What needs to be done — Scan each line of the records for the word "image" and extract the ones that have it.

Data extract —
▬▬▬▬▬▬▬▬▬▬

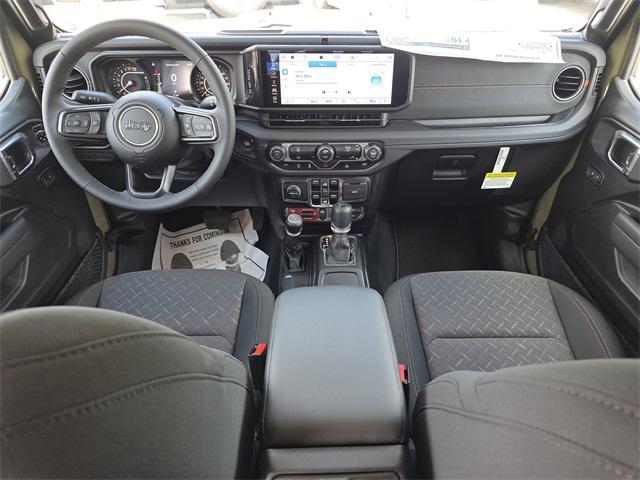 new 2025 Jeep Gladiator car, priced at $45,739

▬▬▬▬▬▬▬▬▬▬

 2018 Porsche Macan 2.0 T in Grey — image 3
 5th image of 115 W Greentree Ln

▬▬▬▬▬▬▬▬▬▬

Your solution —
 2018 Porsche Macan 2.0 T in Grey — image 3
 5th image of 115 W Greentree Ln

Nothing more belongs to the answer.